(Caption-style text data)
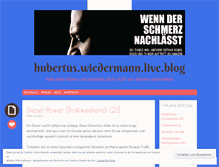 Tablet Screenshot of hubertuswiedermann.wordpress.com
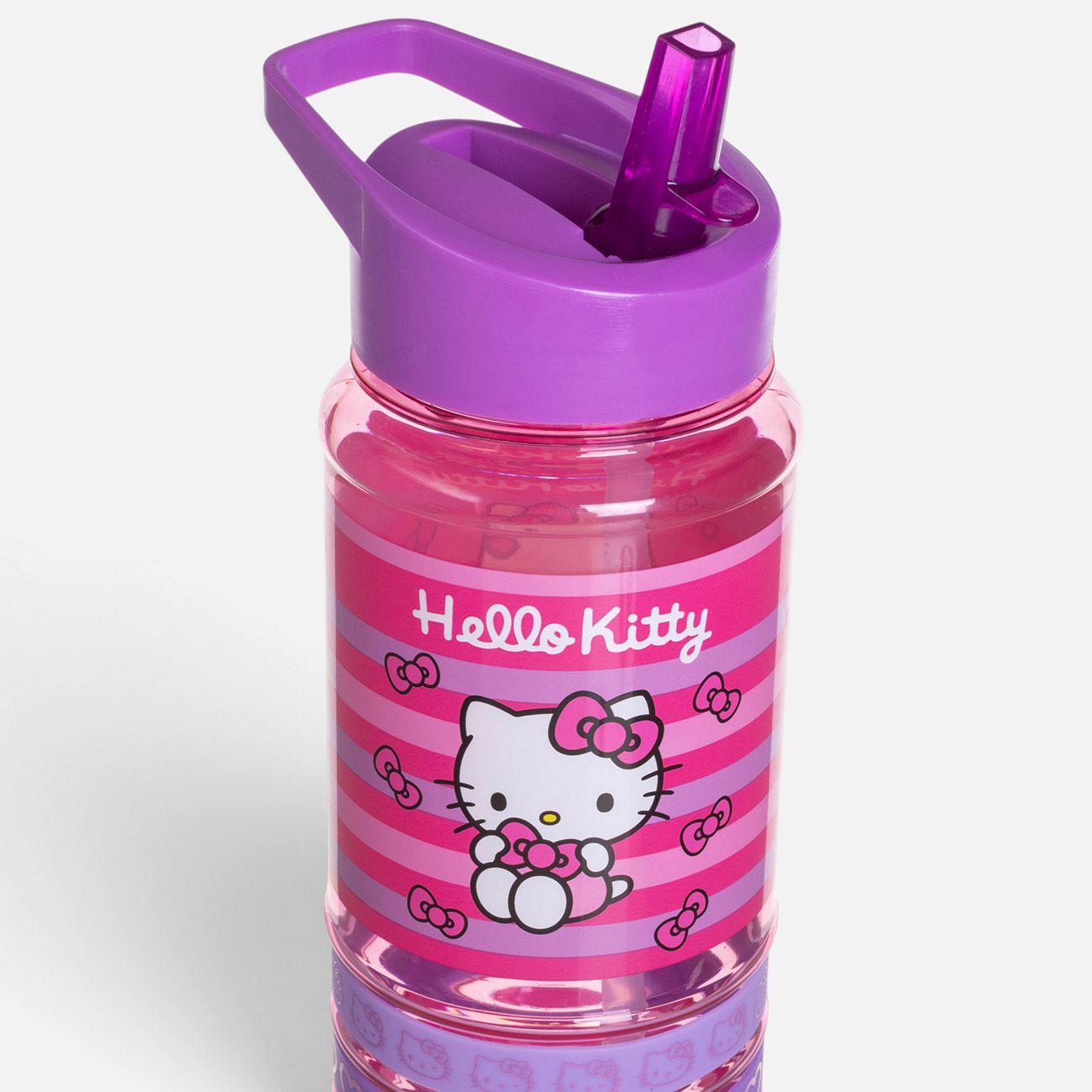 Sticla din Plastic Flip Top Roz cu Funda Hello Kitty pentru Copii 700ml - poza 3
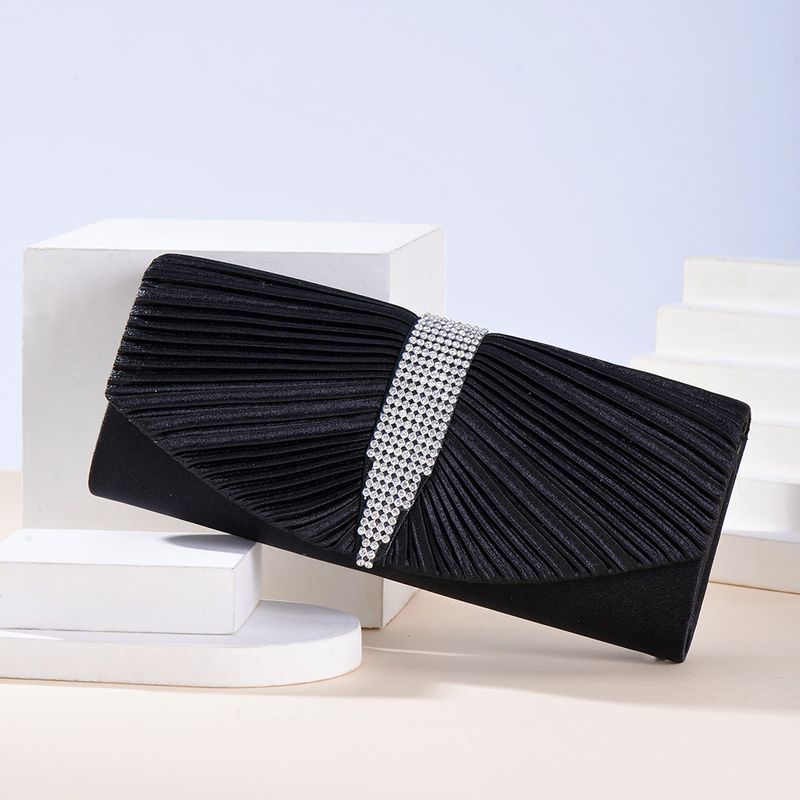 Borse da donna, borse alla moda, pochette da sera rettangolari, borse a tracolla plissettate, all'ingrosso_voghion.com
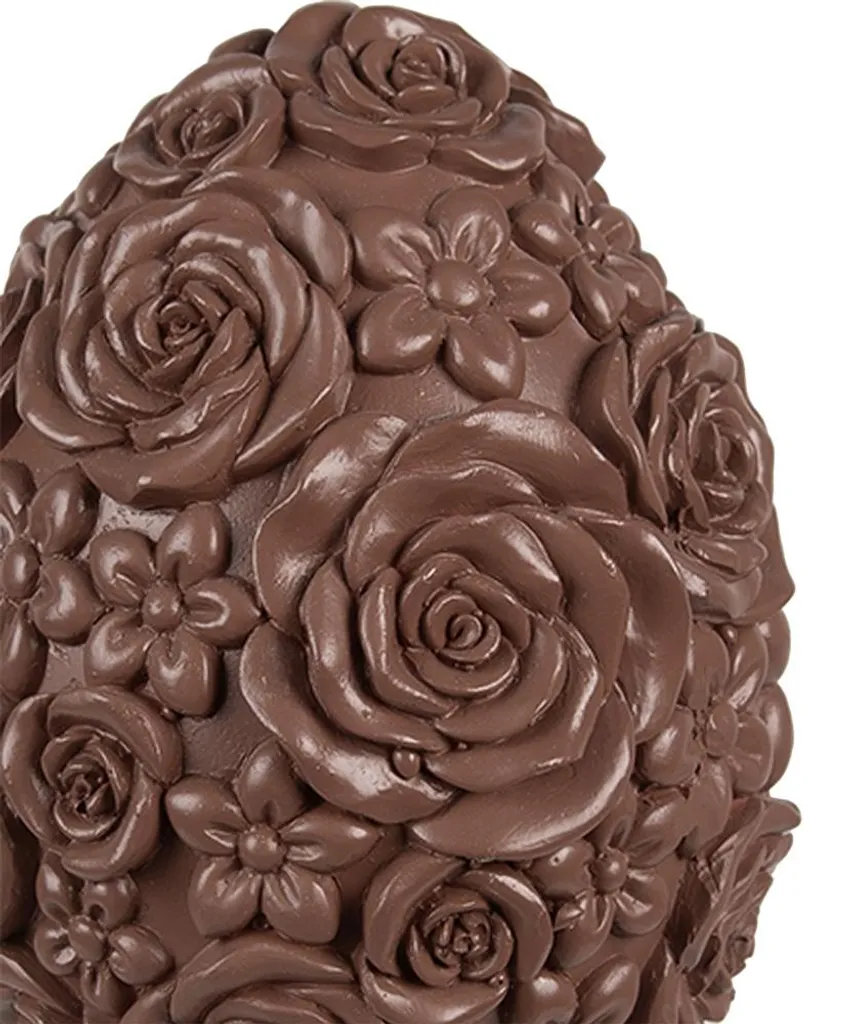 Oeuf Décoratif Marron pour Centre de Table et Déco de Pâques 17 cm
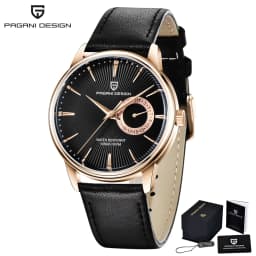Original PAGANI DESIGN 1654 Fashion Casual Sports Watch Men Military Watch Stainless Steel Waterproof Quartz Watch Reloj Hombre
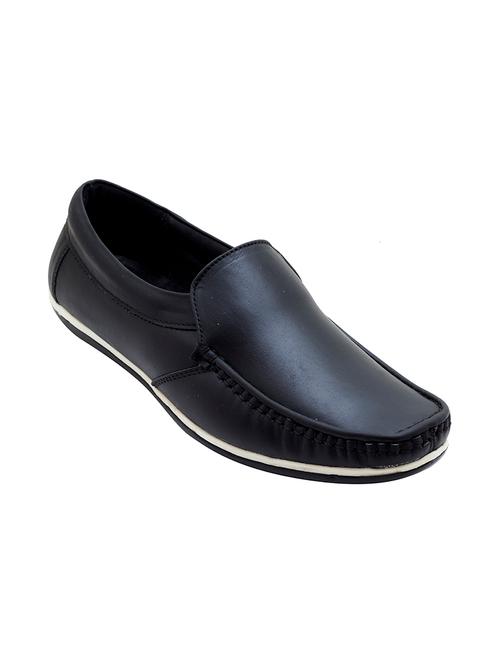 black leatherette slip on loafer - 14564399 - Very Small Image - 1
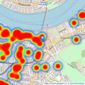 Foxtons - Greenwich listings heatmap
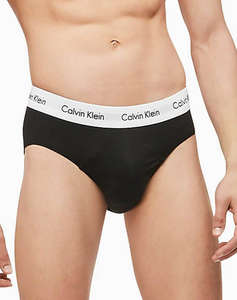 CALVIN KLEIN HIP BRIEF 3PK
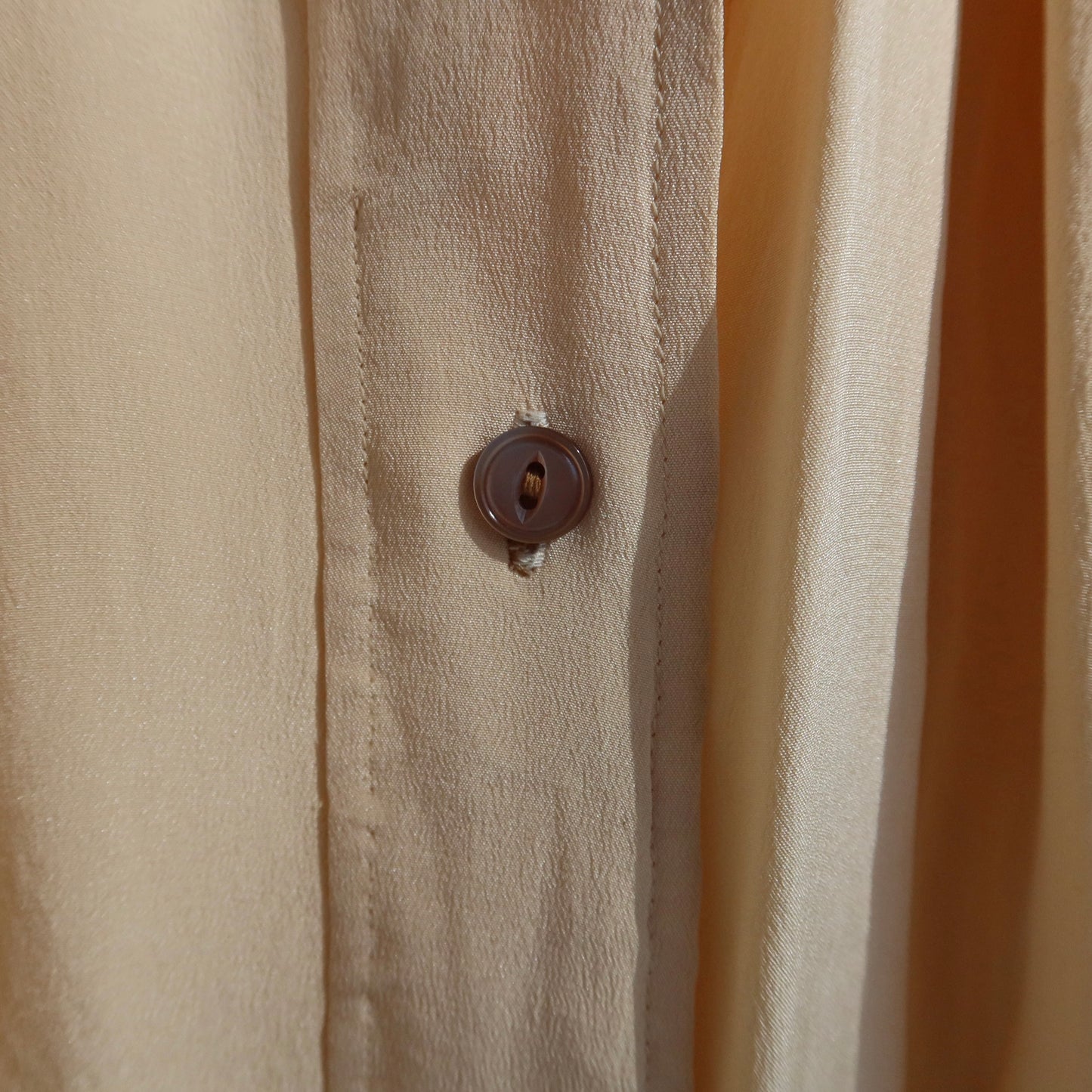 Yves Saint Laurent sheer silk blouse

**Activity**
Restate word for word the lines running from the one with "CALVIN KLEIN HIP BRIEF 3PK" to the end of the entries; pictures are to be left out.

**Written response**
 CALVIN KLEIN HIP BRIEF 3PK
 Yves Saint Laurent sheer silk blouse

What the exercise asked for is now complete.